Entries provided ▸
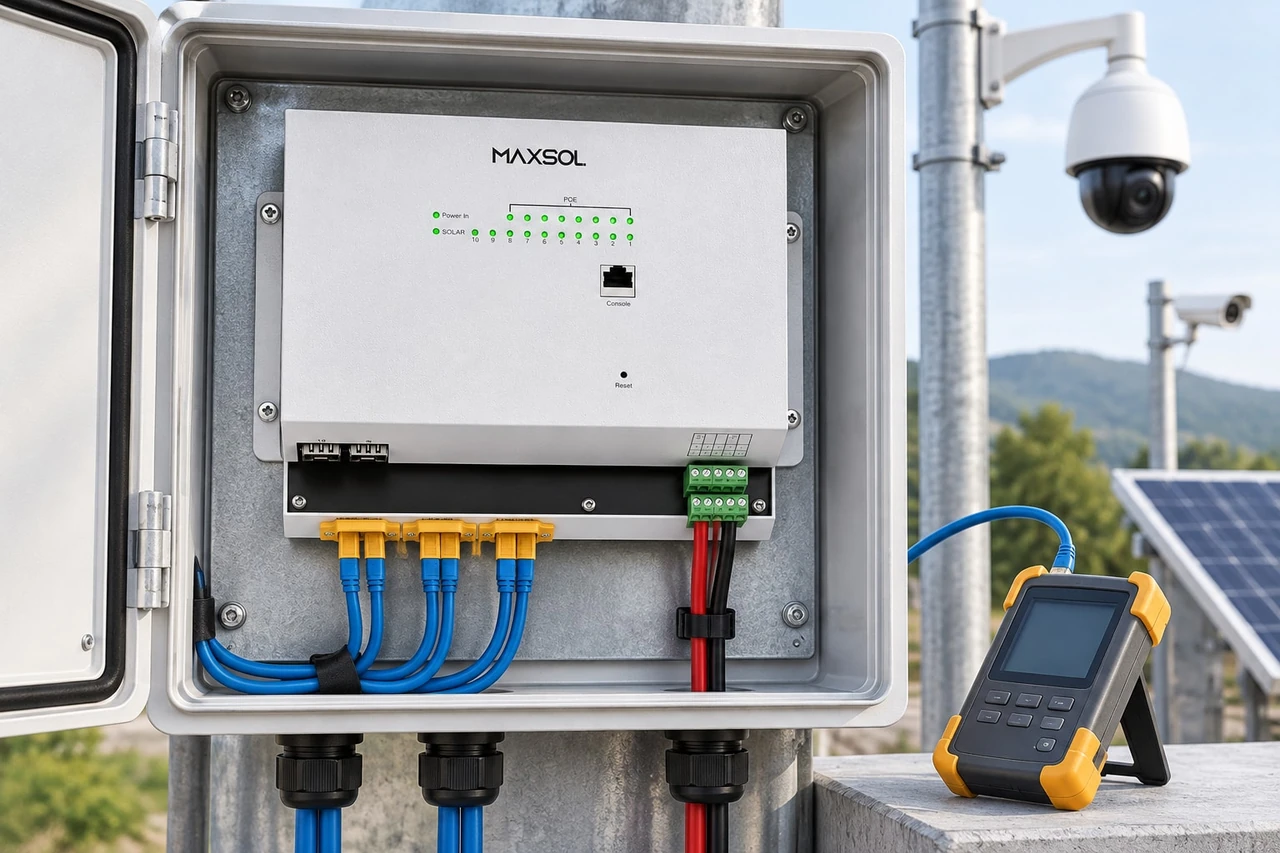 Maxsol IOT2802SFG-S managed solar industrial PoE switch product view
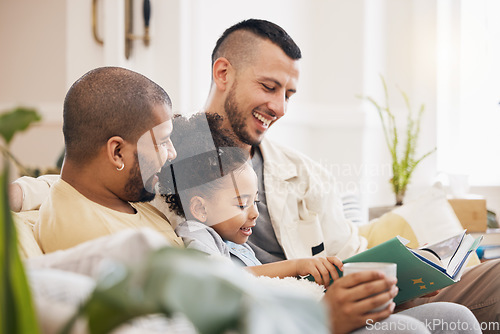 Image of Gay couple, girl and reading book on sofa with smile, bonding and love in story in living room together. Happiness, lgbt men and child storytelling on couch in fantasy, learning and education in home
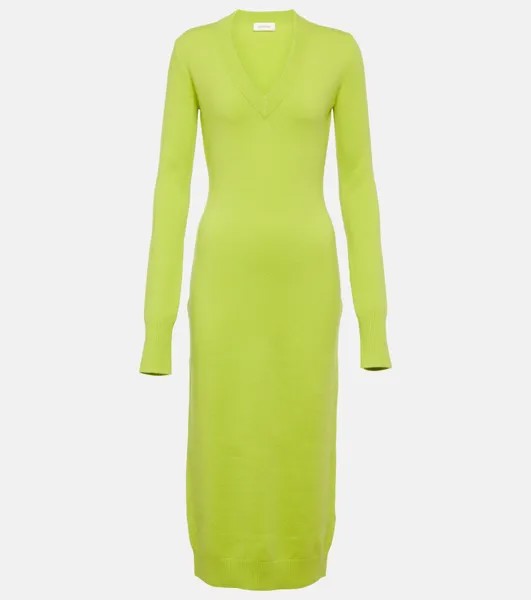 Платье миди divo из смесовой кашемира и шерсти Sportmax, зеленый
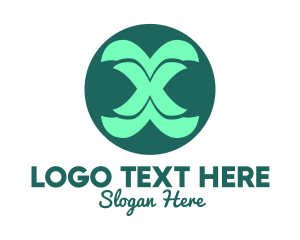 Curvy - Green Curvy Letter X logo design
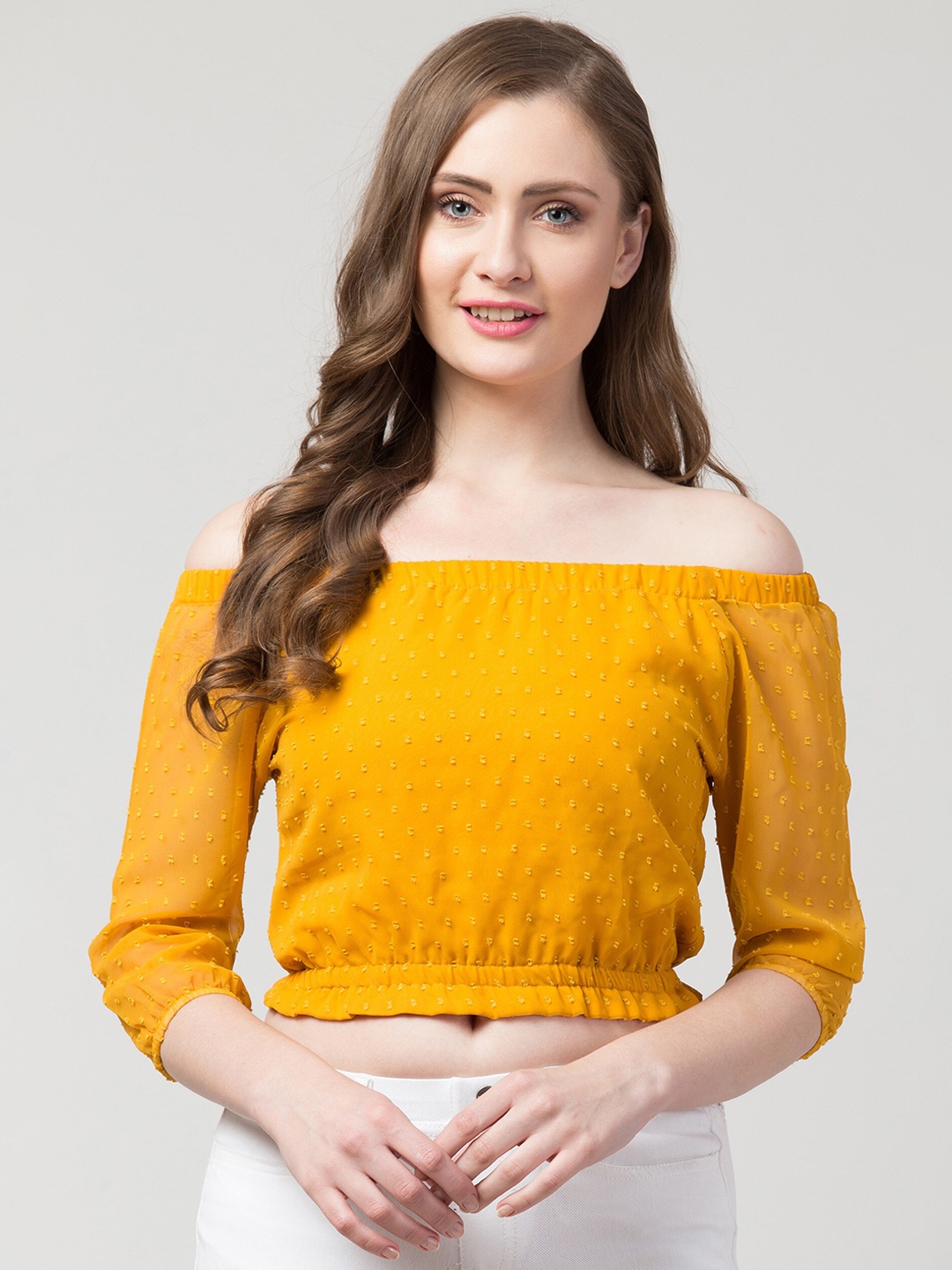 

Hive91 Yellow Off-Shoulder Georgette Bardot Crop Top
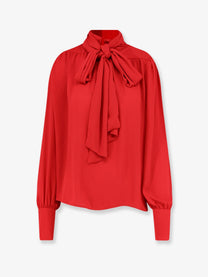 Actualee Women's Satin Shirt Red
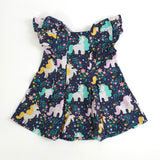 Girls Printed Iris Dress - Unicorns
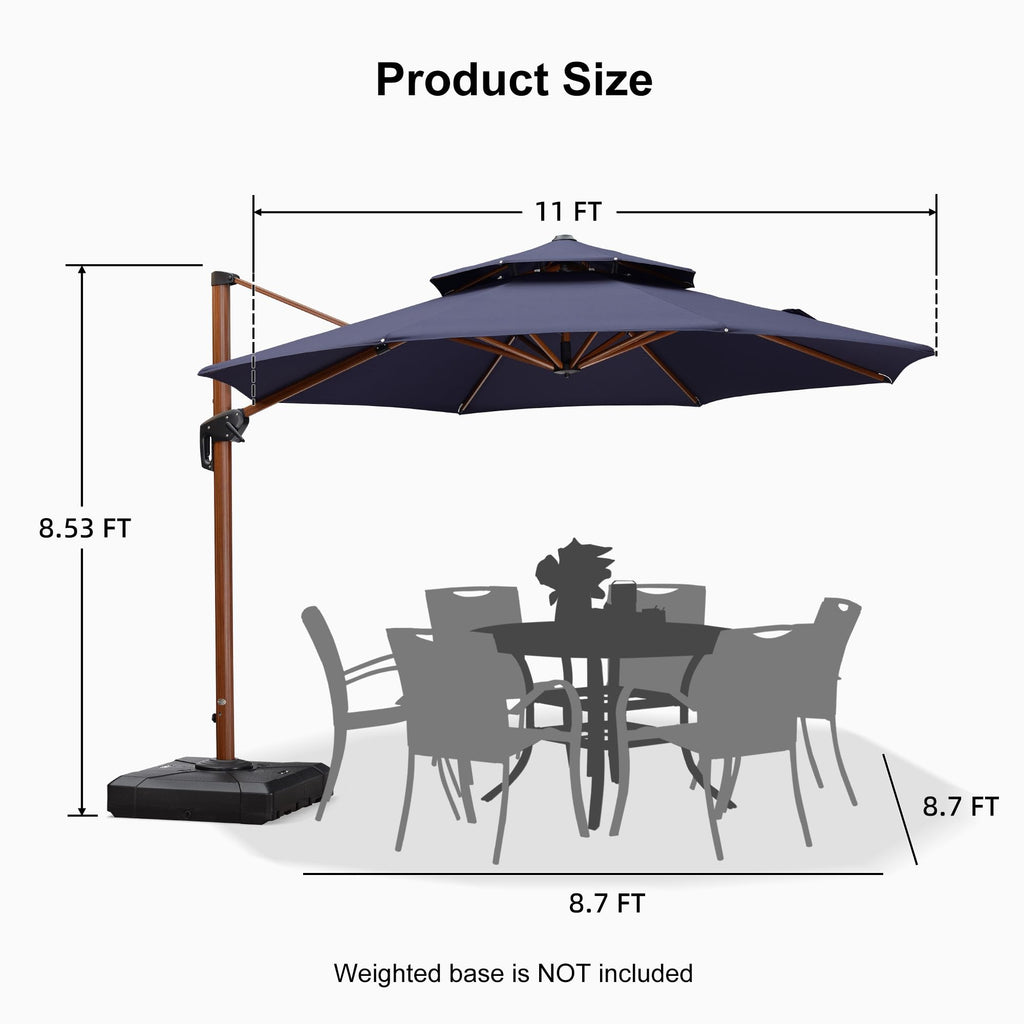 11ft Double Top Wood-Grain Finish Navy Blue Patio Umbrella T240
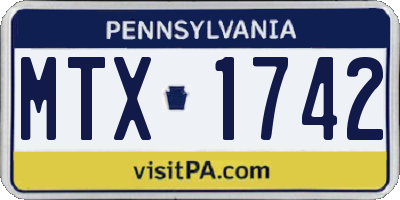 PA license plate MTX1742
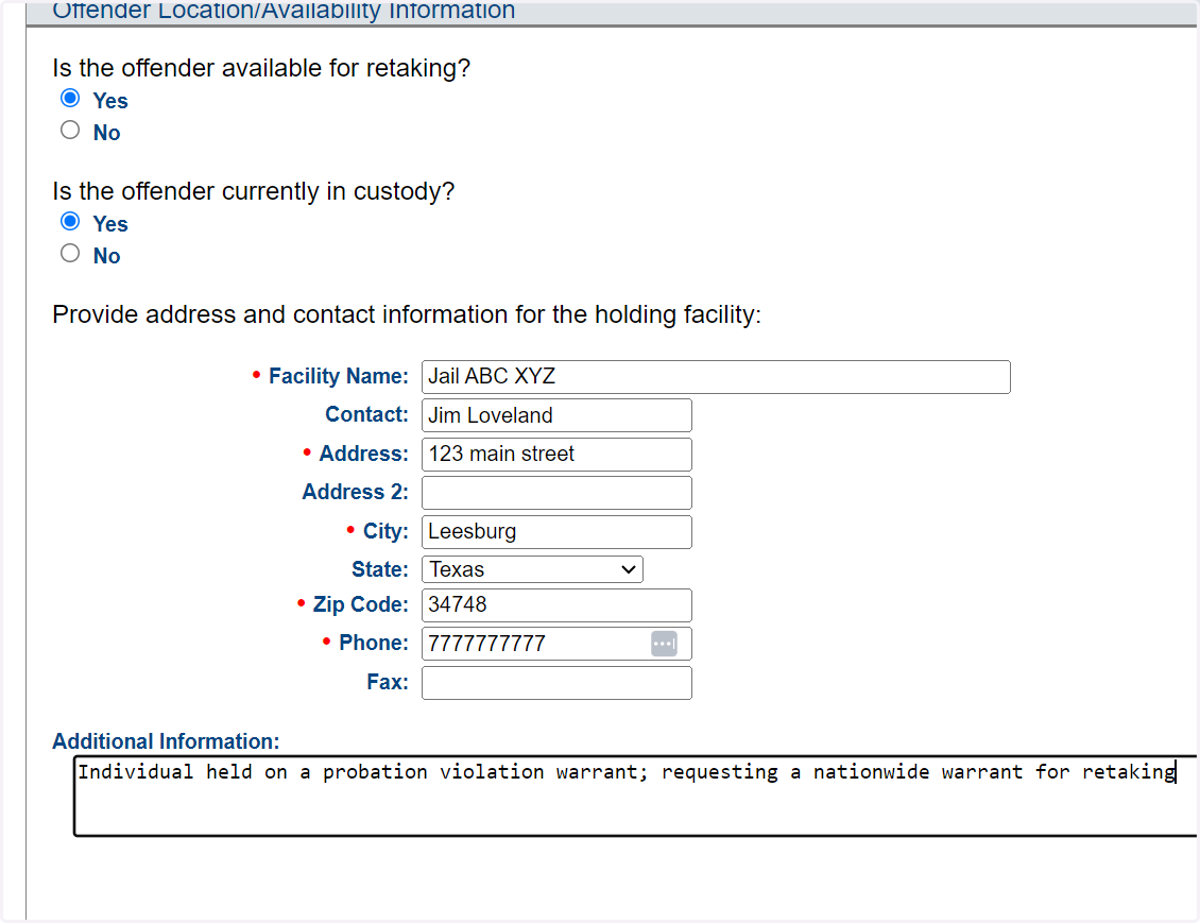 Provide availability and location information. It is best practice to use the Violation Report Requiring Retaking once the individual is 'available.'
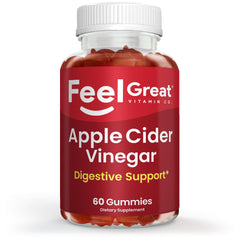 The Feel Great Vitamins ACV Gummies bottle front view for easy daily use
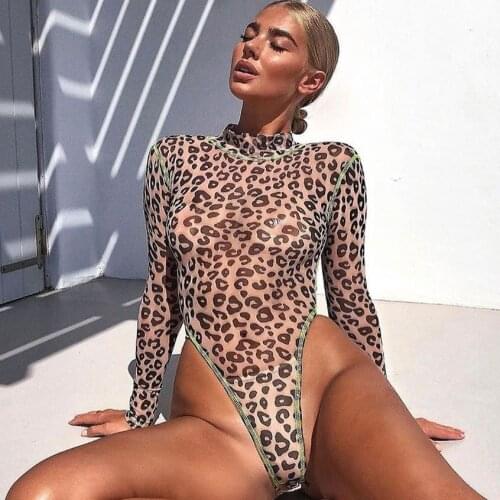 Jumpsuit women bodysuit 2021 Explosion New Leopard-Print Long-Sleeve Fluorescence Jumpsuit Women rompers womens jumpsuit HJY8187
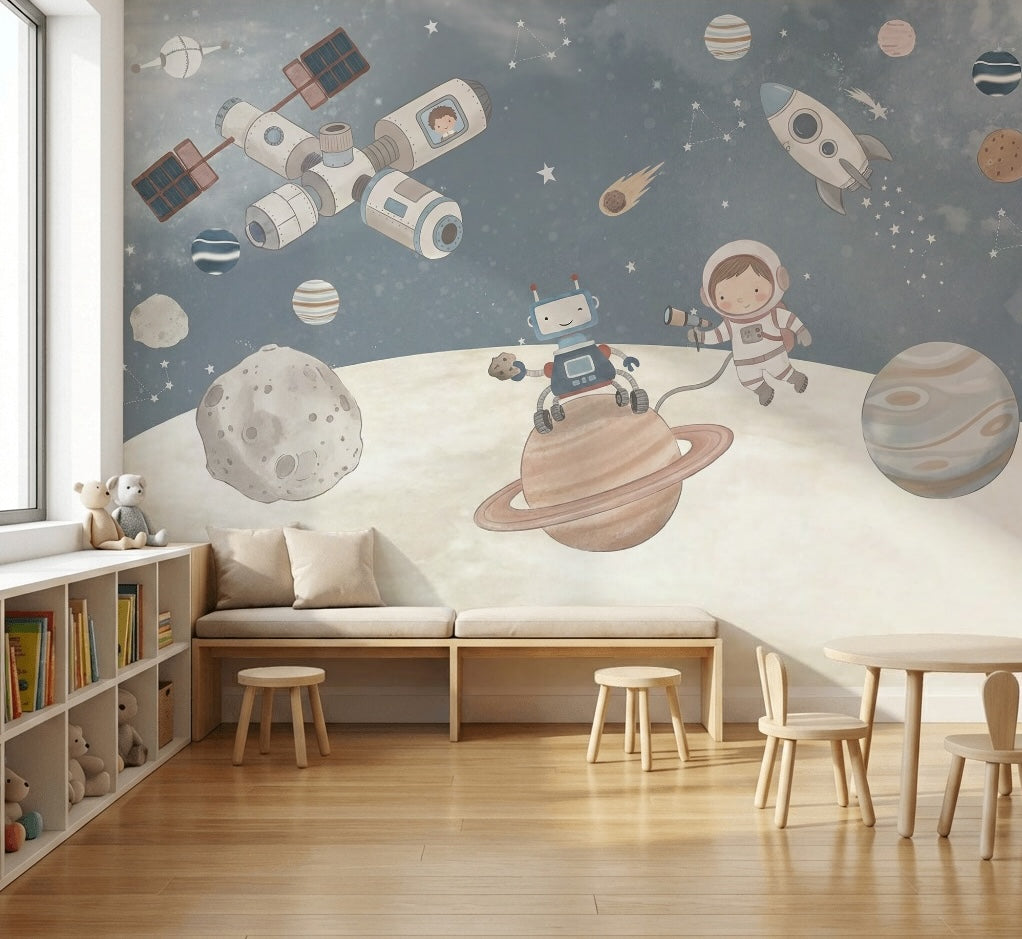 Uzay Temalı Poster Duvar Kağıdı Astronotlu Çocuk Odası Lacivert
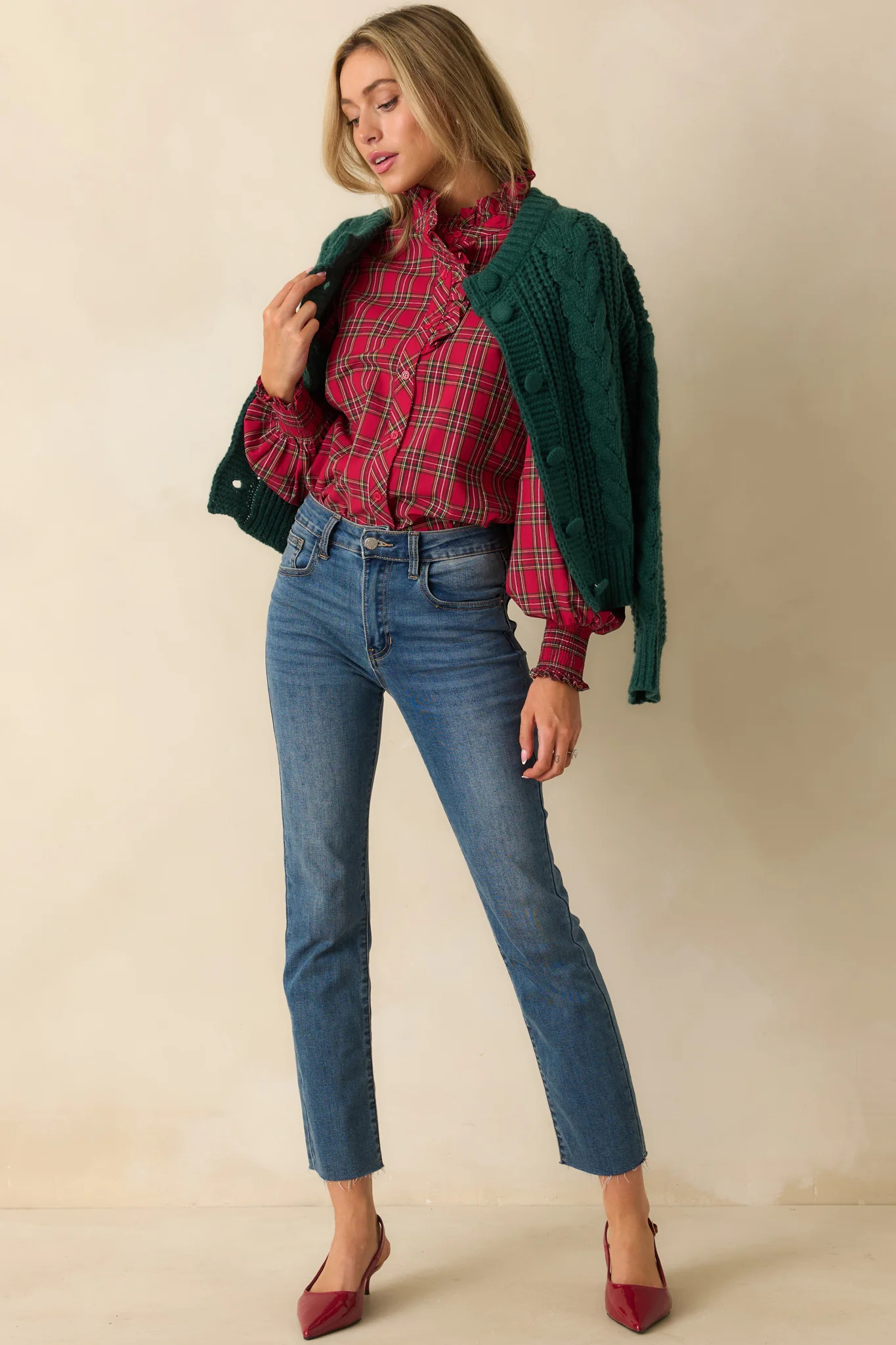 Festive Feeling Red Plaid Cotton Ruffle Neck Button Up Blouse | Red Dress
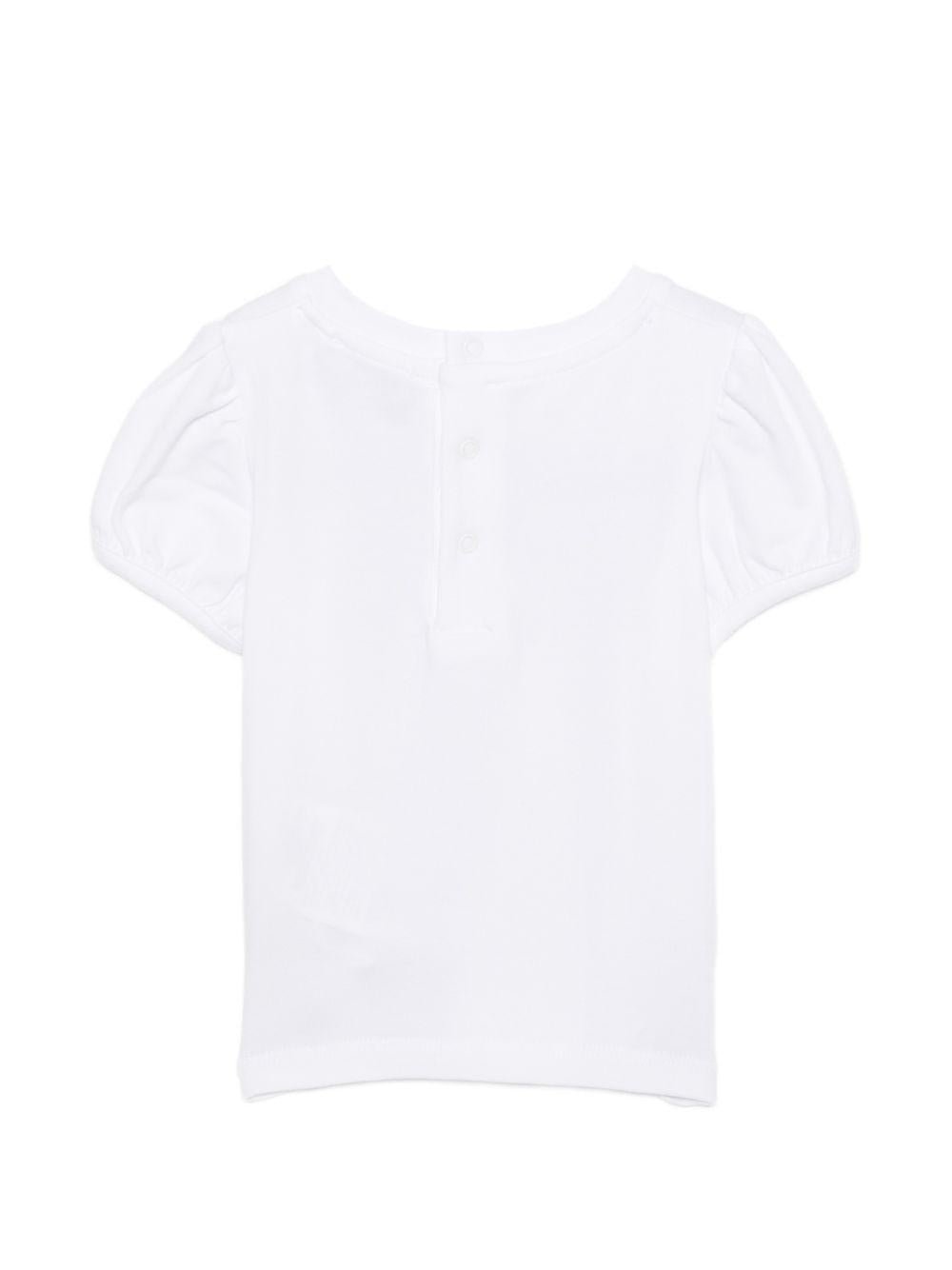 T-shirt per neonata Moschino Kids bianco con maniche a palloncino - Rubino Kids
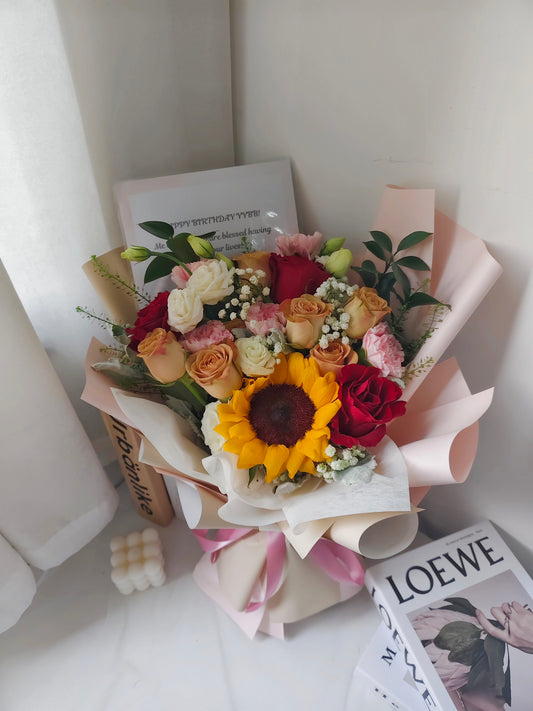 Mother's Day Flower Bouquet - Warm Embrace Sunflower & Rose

Assignment ▸ Images do not belong in the copy; reproduce all other parts of the records above verbatim.

Response area ▸
 Maxsol IOT2802SFG-S managed solar industrial PoE switch product view
 Image of Gay couple, girl and reading book on sofa with smile, bonding and love in story in living room together. Happiness, lgbt men and child storytelling on couch in fantasy, learning and education in home
 Платье миди divo из смесовой кашемира и шерсти Sportmax, зеленый
 Curvy - Green Curvy Letter X logo design

Hive91 Yellow Off-Shoulder Georgette Bardot Crop Top
 Actualee Women's Satin Shirt Red
 Girls Printed Iris Dress - Unicorns
 11ft Double Top Wood-Grain Finish Navy Blue Patio Umbrella T240
 PA license plate MTX1742
 Provide availability and location information. It is best practice to use the Violation Report Requiring Retaking once the individual is 'available.'
 The Feel Great Vitamins ACV Gummies bottle front view for easy daily use
 Jumpsuit women bodysuit 2021 Explosion New Leopard-Print Long-Sleeve Fluorescence Jumpsuit Women rompers womens jumpsuit HJY8187
 Uzay Temalı Poster Duvar Kağıdı Astronotlu Çocuk Odası Lacivert
 Festive Feeling Red Plaid Cotton Ruffle Neck Button Up Blouse | Red Dress
 T-shirt per neonata Moschino Kids bianco con maniche a palloncino - Rubino Kids
 Mother's Day Flower Bouquet - Warm Embrace Sunflower & Rose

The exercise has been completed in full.